[Paper] Particulate: Feed-Forward 3D Object Articulation

Published: 1 month ago (December 12, 2025 at 01:59 PM EST)

4 min read

Source: arXiv

Source: arXiv - 2512.11798v1

Overview

Particulate is a new feed‑forward system that can take a single static 3D mesh—think of a CAD model or a scan of a chair—and instantly recover its hidden articulation: the separate moving parts, how they’re connected, and the motion limits of each joint. By replacing costly per‑object optimization with a single forward pass of a transformer‑based network, the method makes it practical to turn any static 3D asset into a fully rigged, animatable model in seconds.

Key Contributions

End‑to‑end transformer architecture (Part Articulation Transformer) that ingests a point cloud of a mesh and predicts parts, kinematic hierarchy, and joint constraints in one shot.
Native multi‑joint support, allowing objects with arbitrary numbers of moving links (e.g., a folding table with several hinges).
Large‑scale training on a curated collection of articulated assets from public datasets, plus a newly released benchmark for articulation estimation.
Real‑time inference: the whole pipeline runs in a few seconds on a single GPU, dramatically faster than prior optimization‑based methods.
Generalisation to AI‑generated 3D content, enabling a pipeline that goes from a single image → 3D mesh → articulated model using off‑the‑shelf image‑to‑3D generators.

Methodology

Input preprocessing – The static mesh is uniformly sampled into a point cloud (≈10k points).
Part Articulation Transformer – A hierarchical transformer processes the point cloud.
- Local feature extraction via self‑attention on small neighborhoods captures fine geometry (e.g., a door edge).
- Global reasoning aggregates these features to infer the overall kinematic graph (which part moves relative to which).
Joint prediction heads – Separate MLP heads output:
- Part segmentation (per‑point label).
- Parent‑child relationships (directed edges of the articulation tree).
- Joint type & limits (revolute, prismatic, range of motion).
Lifting to mesh – The predicted attributes are transferred back onto the original mesh, producing a rigged model ready for animation.
Training – Supervised learning with cross‑entropy for segmentation, binary cross‑entropy for adjacency, and regression losses for joint parameters. The loss is weighted to balance part count variability across objects.

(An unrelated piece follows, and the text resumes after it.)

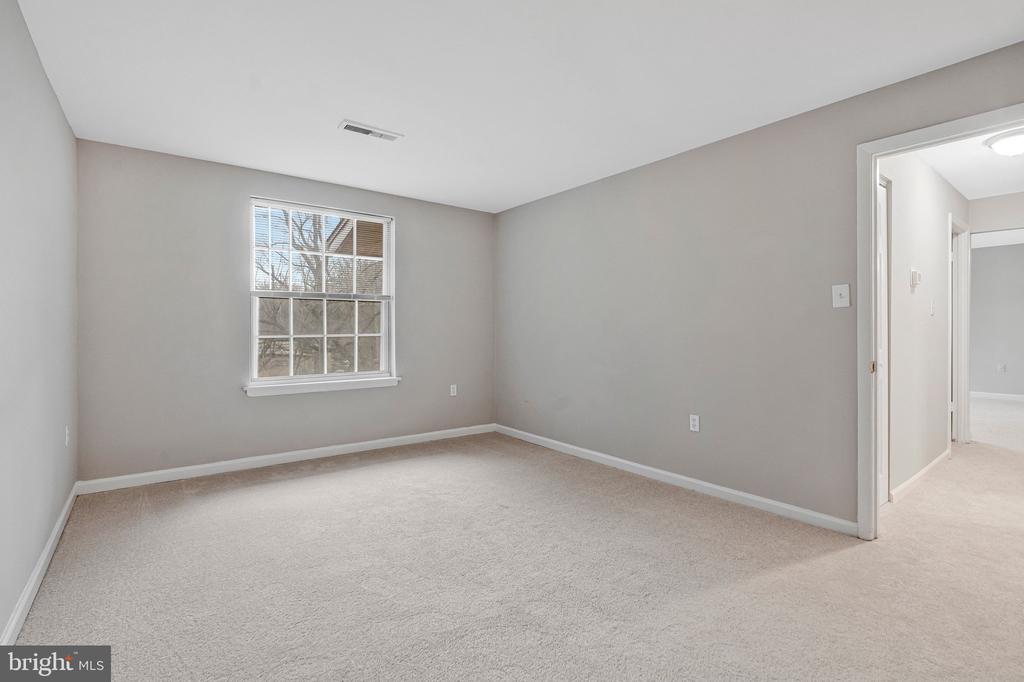 1916 WILSON LANE 202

The whole network is differentiable and trained end‑to‑end, so it learns to jointly optimise part detection and kinematic inference rather than treating them as separate steps.

Results & Findings

Quantitative boost: On the new benchmark (≈2k diverse objects), Particulate achieves a mean Intersection‑over‑Union (mIoU) of 84 % for part segmentation and a 71 % accuracy on correctly predicting the full kinematic tree—up to 20 % higher than the previous state‑of‑the‑art method (ArticulationNet).
Speed: Average inference time is 1.8 s per object on an RTX 3090, compared to 30 s–5 min for optimization‑based baselines.
Robustness to noise: The model maintains >75 % kinematic accuracy even when the input point cloud is perturbed with 5 % Gaussian noise, showing resilience to imperfect scans.
AI‑generated assets: When paired with a diffusion‑based image‑to‑3D generator, Particulate correctly extracts articulation for 68 % of objects created from a single RGB image, opening a path to “single‑image rigging.”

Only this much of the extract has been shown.